“But with the million there came another interest. Up to that time I had applied my methods to individual cases; but it struck me, after the strain of the amalgamation negotiations was over, that my generalisations were capable of a wider application. I took up the study of political affairs over here; and I found that my principles enabled me to gauge the psychology of masses even more easily than those of individuals. As a practical test, I stood for Parliament; and got elected without any difficulty. Of course one of the Parties was glad to have me—a millionaire isn’t likely to go a-begging at their door for long—but you may remember that I won that election by my own methods. The Party machines tried to copy them, of course, at a later date; but they failed hopelessly because they were merely repeating mechanically some operations which I had designed for a special case.

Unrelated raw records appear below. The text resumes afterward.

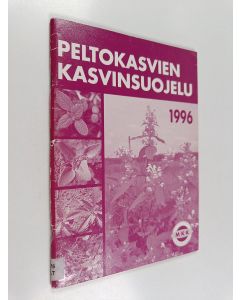 käytetty teos Peltokasvien kasvinsuojelu 1996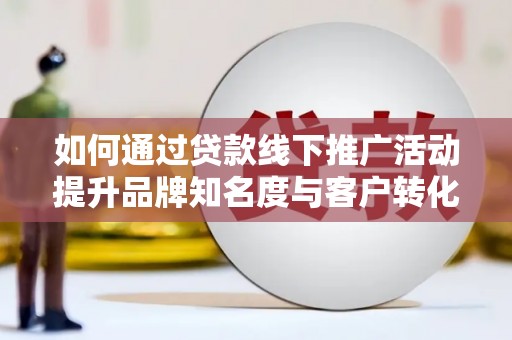 合水如何通过贷款线下推广活动提升品牌知名度与客户转化率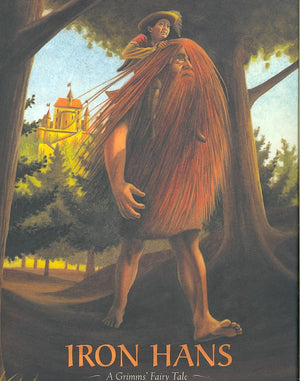 Iron Hans: A Grimms' Fairy Tale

“I took very little interest in politics, though. I had no sympathy with the usual methods of the politicians; and at times I revolted against them effectually.”

He was evidently thinking of the two episodes which had gained him the nickname of the Wrecker.

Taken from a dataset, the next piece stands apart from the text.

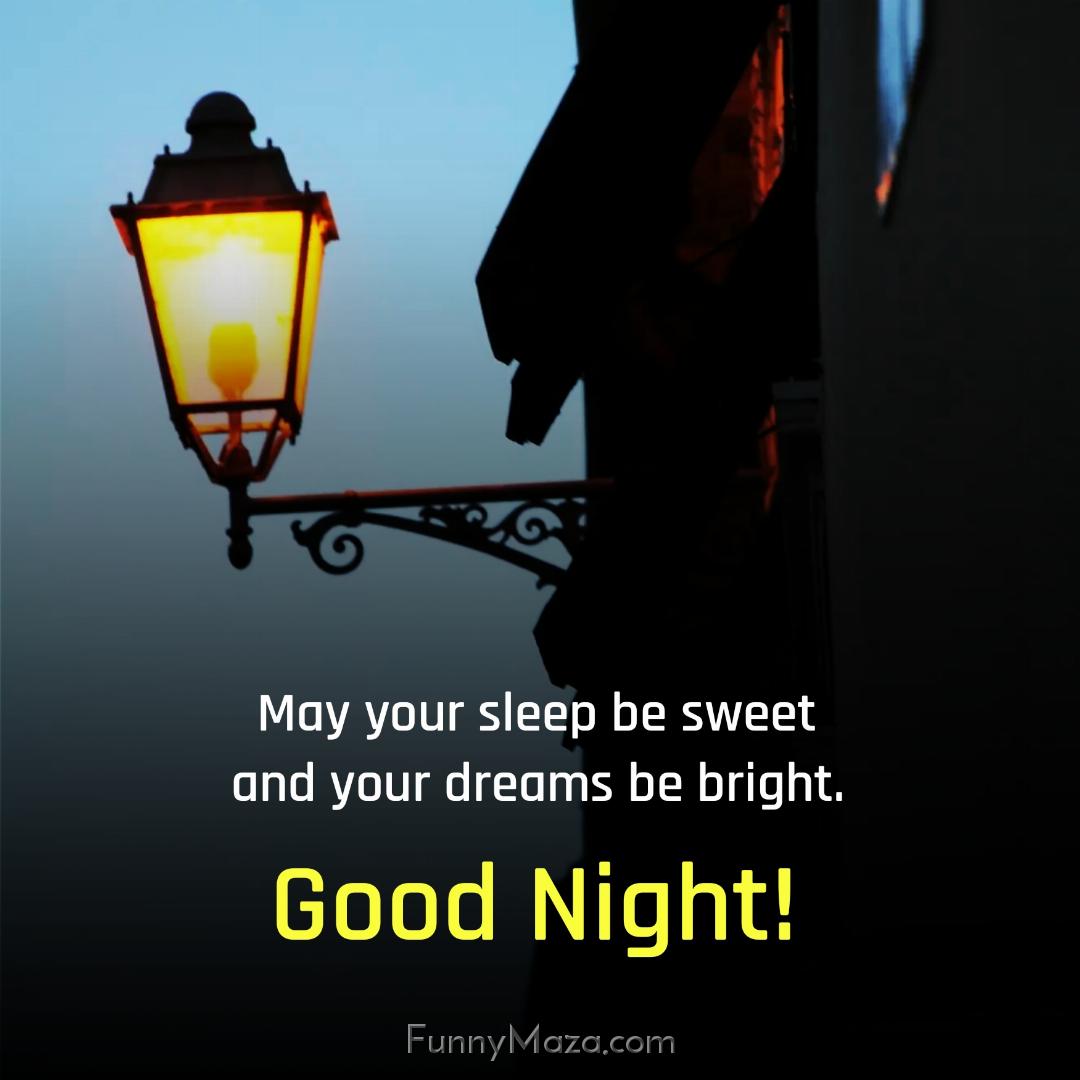 May your sleep be sweet and your dreams be bright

“When I began, I think I told you that the element of risk enters largely into one’s pleasures; and I believe that holds good in politics. The work of a politician, and especially of a Cabinet Minister, is largely in the nature of a gamble. To most of them, politics is an empirical science; for they have little time to study the basis of it. I’ll do them the justice to say that I don’t think it is a mere matter of clinging to their salaries which keeps them in office; it’s mainly that they enjoy the feeling of swaying great events. With an Empire like ours, the stakes are tremendous; and there’s a certain sensation to be got out of gambling on that scale. Mind you, I doubt if they realise themselves that this is what they enjoy in the political game; but it is actually what does sway them to a great extent.

“Now so long as it’s a mere question of some parochial point, I don’t mind their enjoying their sensations. It matters very little in the long run whether one Bill or another passes Parliament; and if they fight over minor questions, I don’t care. But twice in my political career I saw that the Party game was threatening trouble on bigger lines. The Anglo-Peruvian agreement and the Malotu Islands question were affairs that cut down to the bed-rock of things; and I couldn’t stand aside and see them muddled in the usual way. I had to assert myself there, whether I liked it or not. And when I did intervene, my mental equipment made the result a certainty. I knew the country and the country’s average opinion in a way that none of them did; and I had only to strike at the vital point. They call me the Wrecker; and I suppose I did bring down two Governments on these questions; but it wasn’t so difficult for me.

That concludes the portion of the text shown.